Under the plain error standard, "[d]efendant must show: (1) an 'error,' (2) that is 'plain,' which means 'clear' or 'obvious' under current law, and (3) that 'affect[s] substantial rights.'" United States v. Fabiano, 169 F.3d 1299, 1303 (10th Cir. 1999) (quoting Johnson v. United States, 520 U.S. 461 (1997)). See also United States v. Olano, 507 U.S. 725, 732 (1993). He faces two large hurdles in making this showing.

First, it is not clear that the district court's application of the guidelines was in error. The gun components Mr. Ball claims were incorrectly counted as "firearms" include: one rifle barrel with receiver assembly, two barrels with receivers but no stocks, and one shotgun without a stock. The commentary to the guidelines defines "firearm," in relevant part, as: "(i) any weapon . . . which will, or is designed to, or may readily be converted to, expel a projectile by the action of an explosive; (ii) the frame or receiver of any such weapon; . . . ." See USSG § 2K2.1, commentary (n.1); 18 U.S.C. § 921(a)(3). This court professes little knowledge of weaponry. We do not know, for instance, whether the component combinations Mr. Ball possessed are "designed to" or "may readily be converted to" expel projectiles by the action of explosives. Nor do we know the proper characterization of "receiver assemblies," or how the components of "barrels" and "stocks" relate to the guideline definition of "firearm."

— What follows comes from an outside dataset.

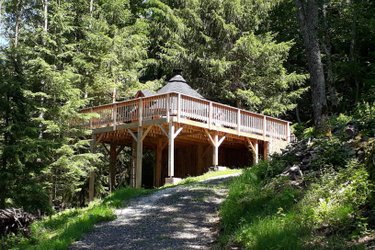 Cabane & Spa des Trappeurs à Cheylade (1)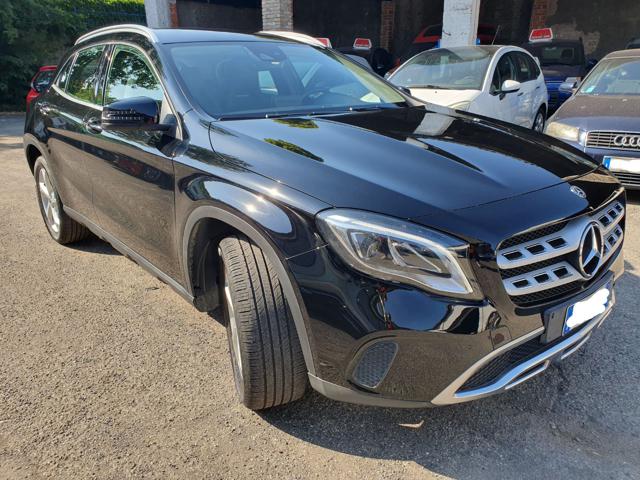 MERCEDES-BENZ GLA 180 d Business Extra Immagine 3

These are factual disputes, and "when a defendant fails to raise [factual inaccuracies in the presentence report] below, we have no factual record by which to review the application of the guidelines." United States v. Saucedo, 950 F.2d 1508, 1518 (10th Cir. 1991), overruled on other grounds, Stinson v. United States, 508 U.S. 36 (1993). Morever, we have held on numerous occasions that "a factual dispute concerning the applicability of a particular guideline, not brought to the attention of the district court, does not rise to the level of plain error." Saucedo, 950 F.2d at 1518. Accord United States v. Richardson, 86 F.3d 1537, 1554 (10th Cir. 1996) (factual dispute regarding presentence report's calculation of the type of methamphetamine defendant possessed not plain error); United States v. Jones, 80 F.3d 436, 438-39 (10th Cir. 1996) (disputes over presentence report's conclusions regarding type of methamphetamine, nature of previous convictions, and acceptance of responsibility were factual and not plain error); United States v. Windle, 74 F.3d 997, 1001 (10th Cir. 1996) (factual dispute over presentence report's conclusion that gun defendant possessed was stolen not plain error).

Second, we have been unable to find, and Mr. Ball admits that he is unable to cite us to, a single case in which this circuit construes the application of the guideline definition of "firearm." As such, by definition, any error committed by the district court could not have been plain, "clear," or "obvious" under current law.

Defendant's Motion for Leave to File a Second Supplemental Opening Brief is DENIED. The sentence of the district court is AFFIRMED.

ENTERED FOR THE COURT

Stephanie K. Seymour

Chief Judge


FOOTNOTES
Click footnote number to return to corresponding location in the text.

*.This order and judgment is not binding precedent, except under the doctrines of law of the case, res judicata, or collateral estoppel. The court generally disfavors the citation of orders and judgments; nevertheless, an order and judgment may be cited under the terms and conditions of 10th Cir. R. 36.3.


1.Mr. Ball committed a murder in 1978, to which he pled guilty in 1985.